-------- ENTRIES SUPPLIED
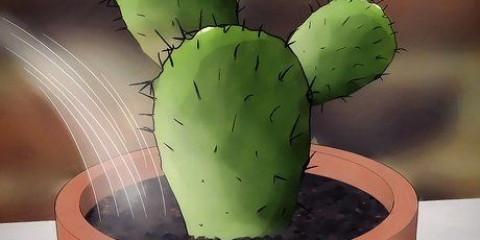 Sauver un cactus mourant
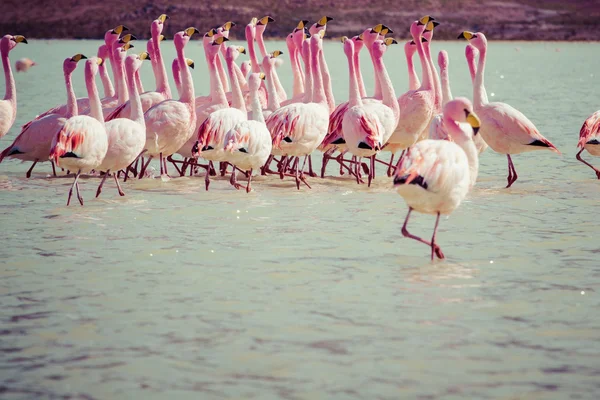A flamingók a tó az Andokban, Bolívia déli részén — Stock Fotó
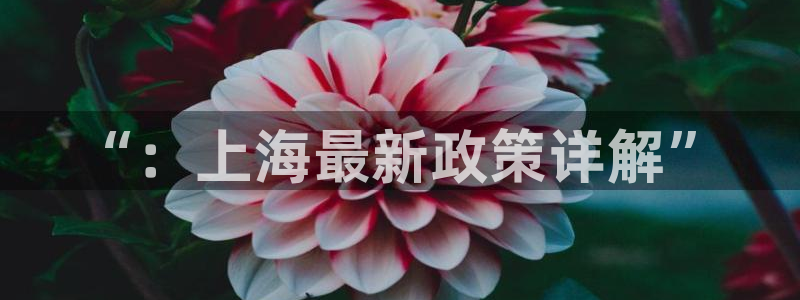 和记怡情博娱官网：“：上海最新政策详解”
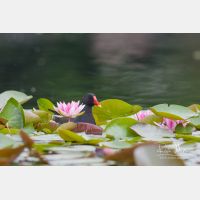 3608 x 2405_Px _RM_100615_MG_3880.jpg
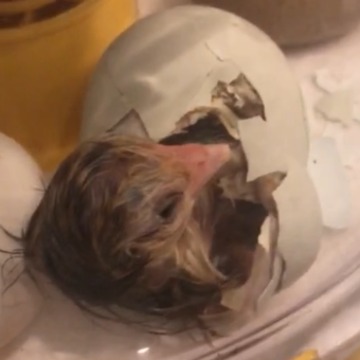 A Little Girl Gets Emotional About The Birth Of A Chicken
----------------
## WHAT IS NEEDED:
In the copy, include all records verbatim but no images.

## RESULT FOR THIS TASK:
 Sauver un cactus mourant
A flamingók a tó az Andokban, Bolívia déli részén — Stock Fotó
 和记怡情博娱官网：“：上海最新政策详解”
 3608 x 2405_Px _RM_100615_MG_3880.jpg
 A Little Girl Gets Emotional About The Birth Of A Chicken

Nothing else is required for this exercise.